┌─ Data records

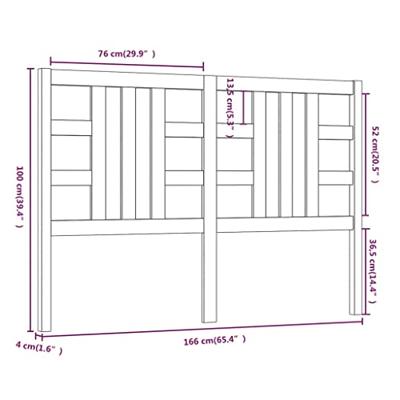 Hoofdbord 166x4x100 cm massief grenenhout - thumbnail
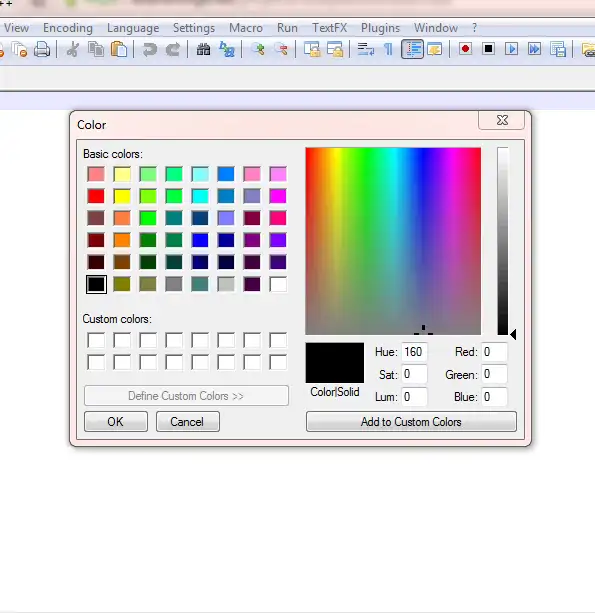 Scarica lo strumento web o l'app web Notepad++ ColorBox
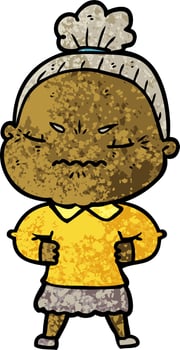 cartoon annoyed old lady vector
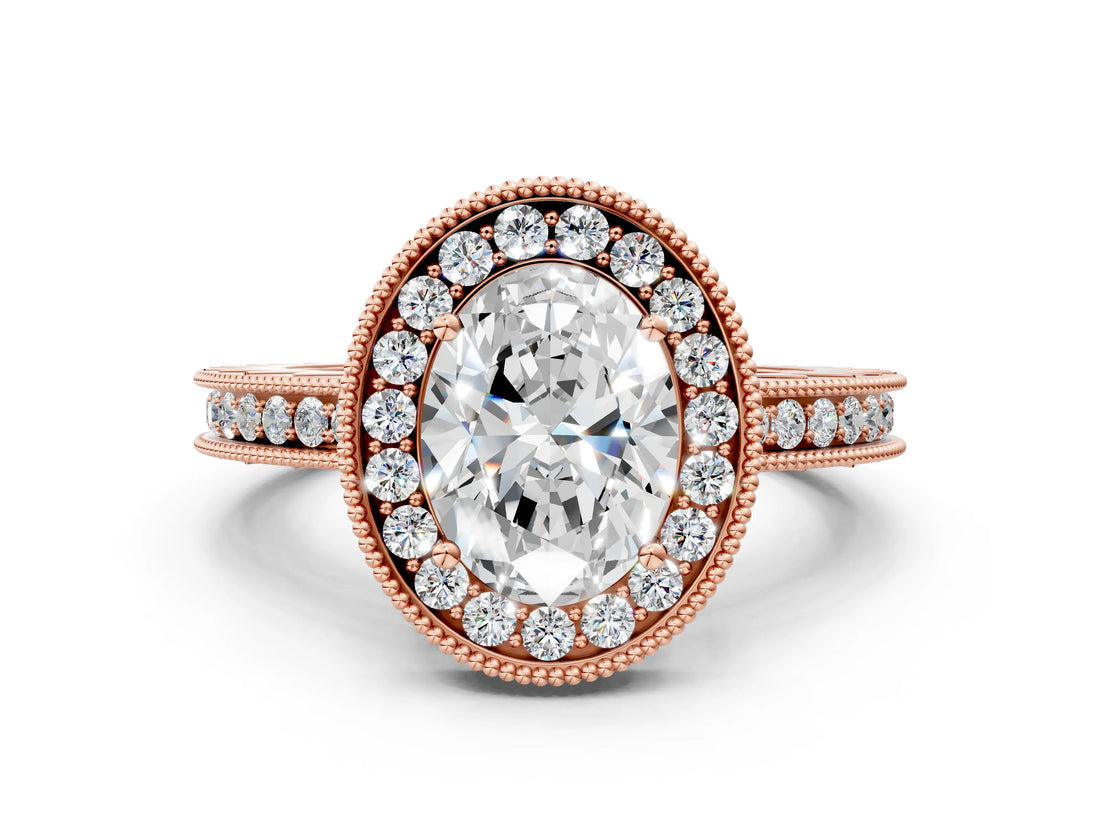 Rose gold Oval Cut Diamond Milgrain Halo Engagement Ring with Round Pavé Band and Prong Setting_12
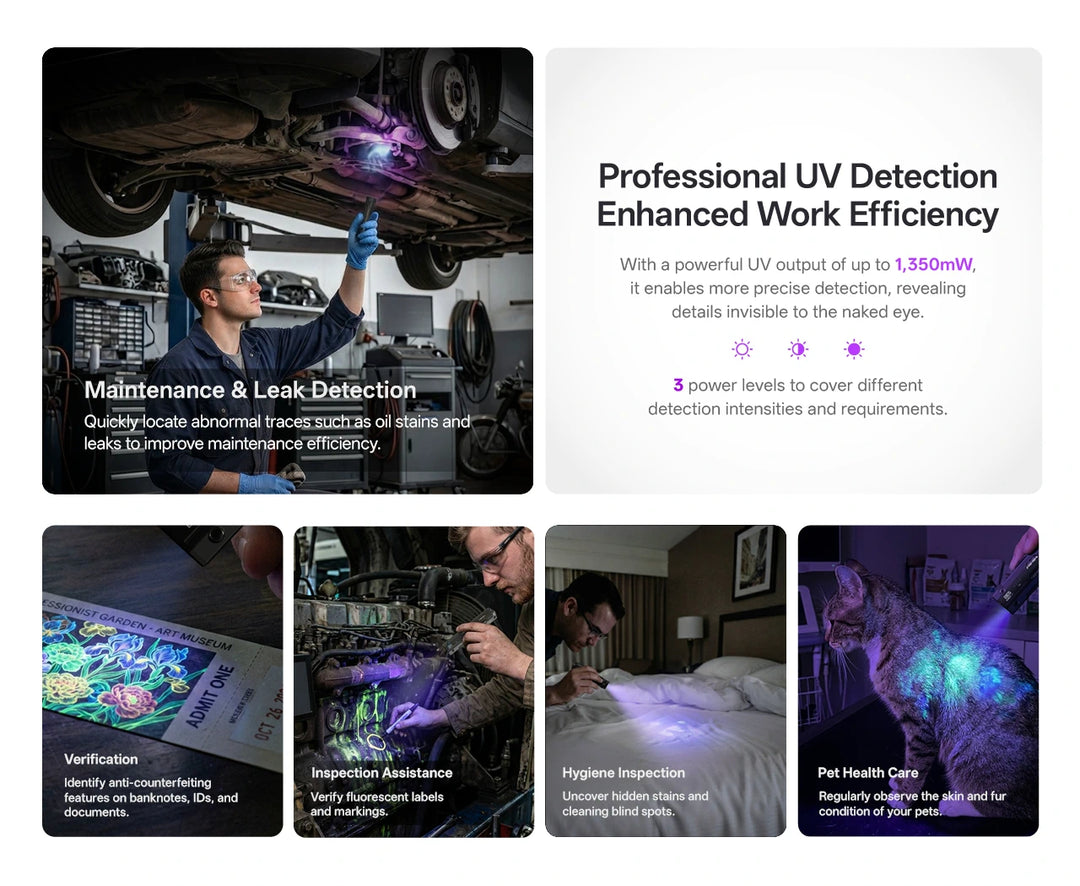 Nitecore EDC15 - professional UV detection for leaks, verification, inspection, hygiene and pets - Nitecore Singapore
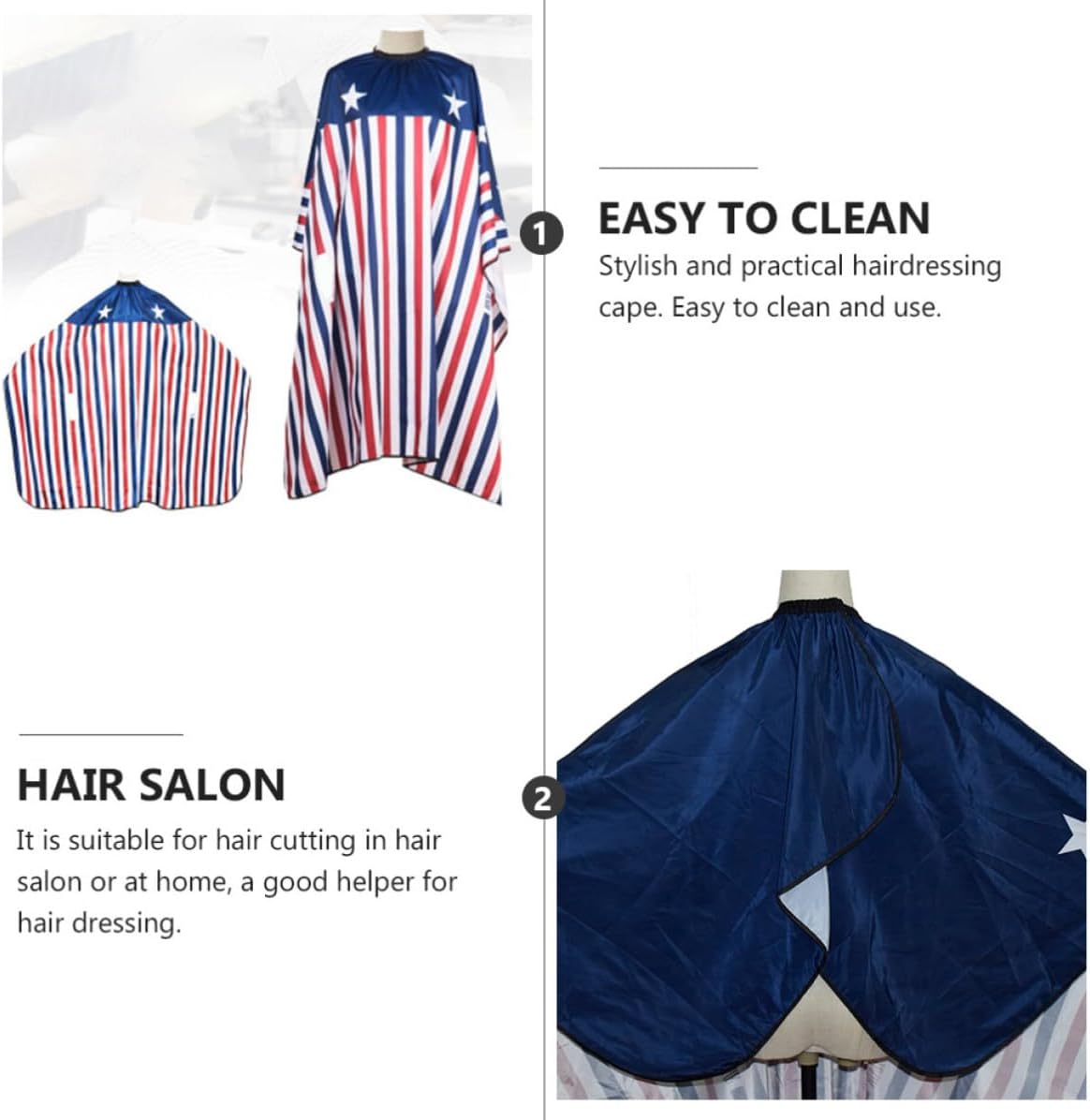 Professional Barber Cape with Elastic Closure Polyester Stripe Pattern Waterproof Hair Cutting Cape for Salon and Home Use Hairdressing Apron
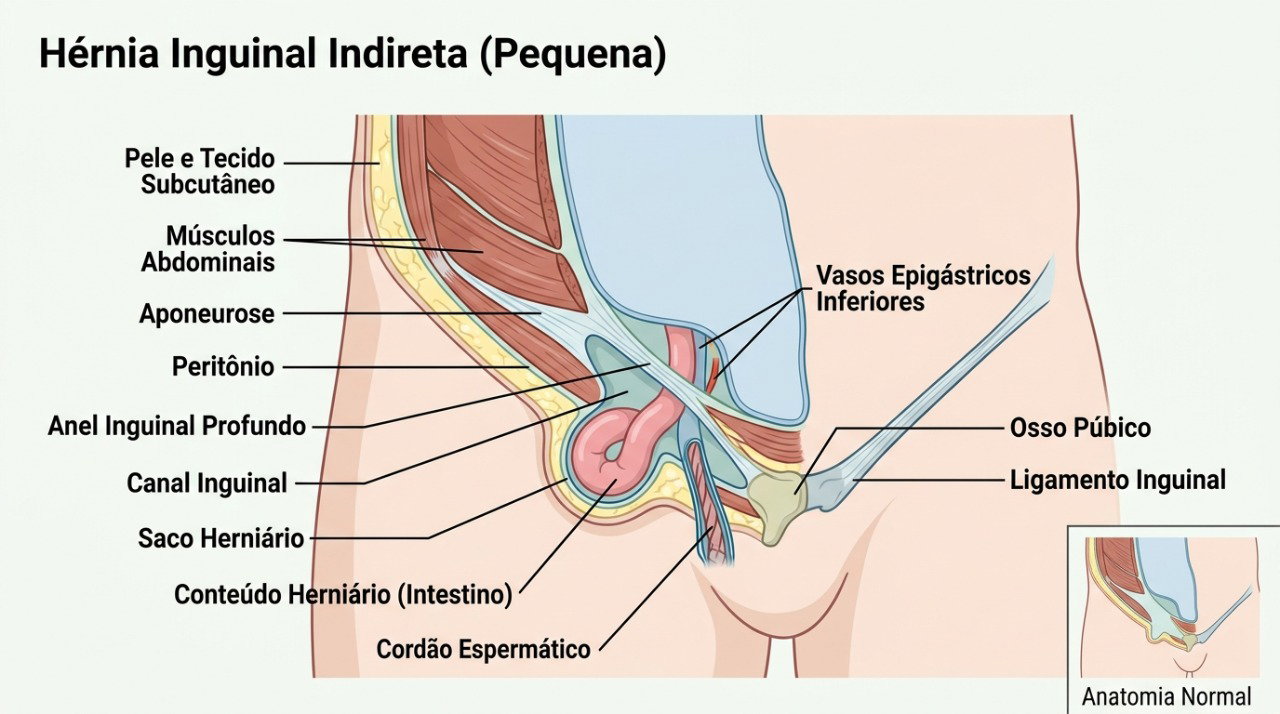 A hérnia inguinal ocorre quando tecido atravessa uma área enfraquecida da parede abdominal e forma uma saliência.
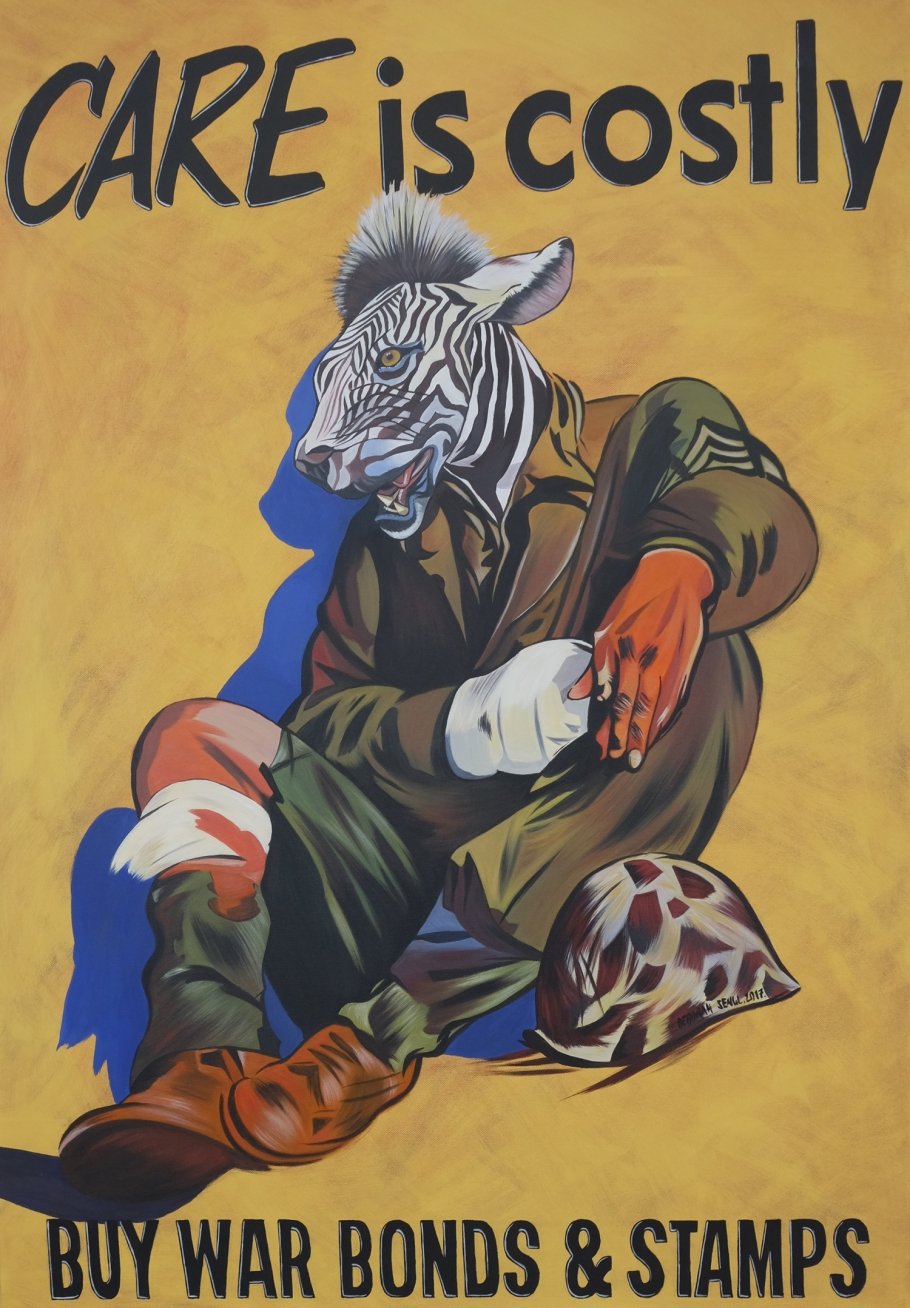 Deborah Sengl, Propaganda, 100 x 70 cm, 2017, Acryl auf Leinwand | Courtesy the artist and Galerie Trapp, Salzburg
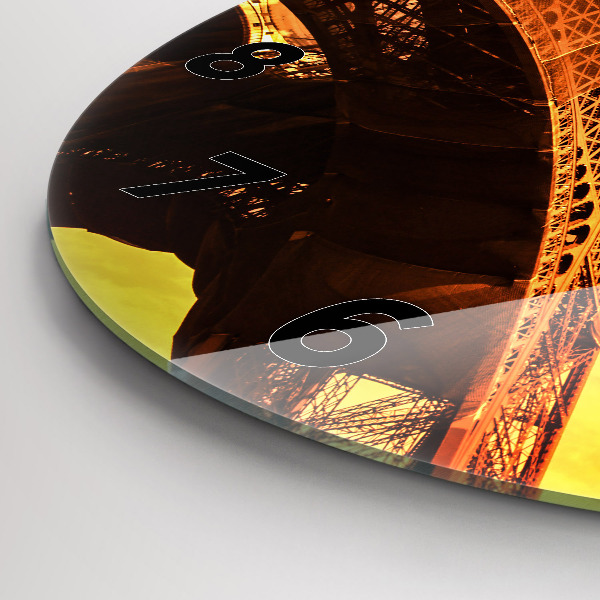 Ceas rotund de perete din sticlă Turnul Eiffel din Paris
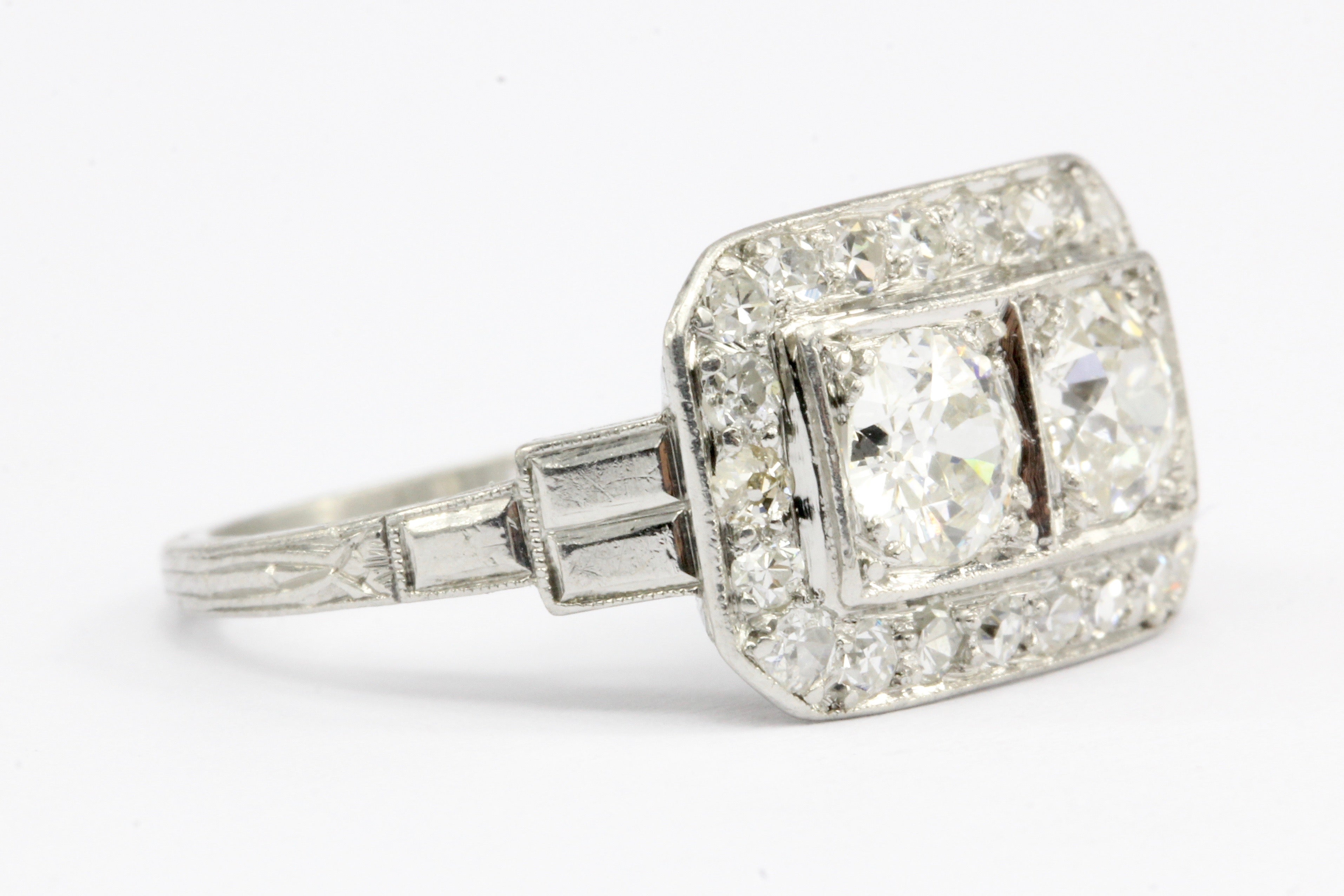 Art Deco Platinum Double Diamond Toi et Moi Ring Size 5.75 - Queen May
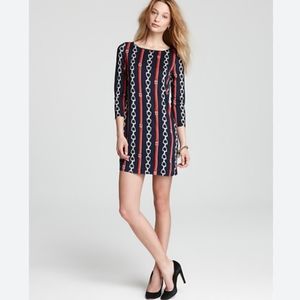 Juicy Couture 2012 English Snaffle Red & Navy Equestrian Print Silk Sheath Dress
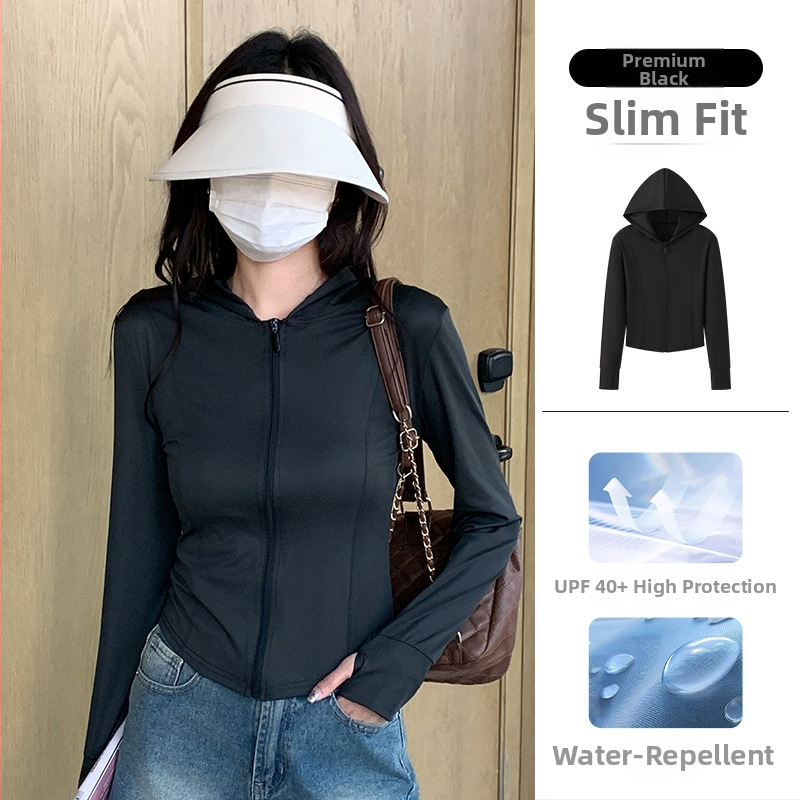 Sacou pentru femei din ice silk, protecție solară UPF40+, croială slim, lungime 50-65 cm, poliester 80-90% cu elastan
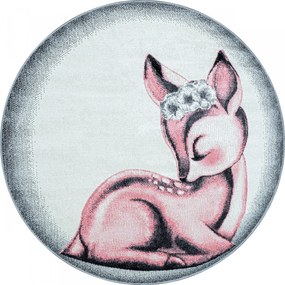 Ayyildiz, Detský kusový koberec Bambi 850 pink kruh, 120x120 (priemer) kruh, ružová, detská izba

└─

Task item:
What is the exact wording of the lines from the one bearing "Ceas rotund de" through the final line of the records above? Write it out without the pictures.

Answer box:
 Ceas rotund de perete din sticlă Turnul Eiffel din Paris
 Art Deco Platinum Double Diamond Toi et Moi Ring Size 5.75 - Queen May
 Juicy Couture 2012 English Snaffle Red & Navy Equestrian Print Silk Sheath Dress
 Sacou pentru femei din ice silk, protecție solară UPF40+, croială slim, lungime 50-65 cm, poliester 80-90% cu elastan
 Ayyildiz, Detský kusový koberec Bambi 850 pink kruh, 120x120 (priemer) kruh, ružová, detská izba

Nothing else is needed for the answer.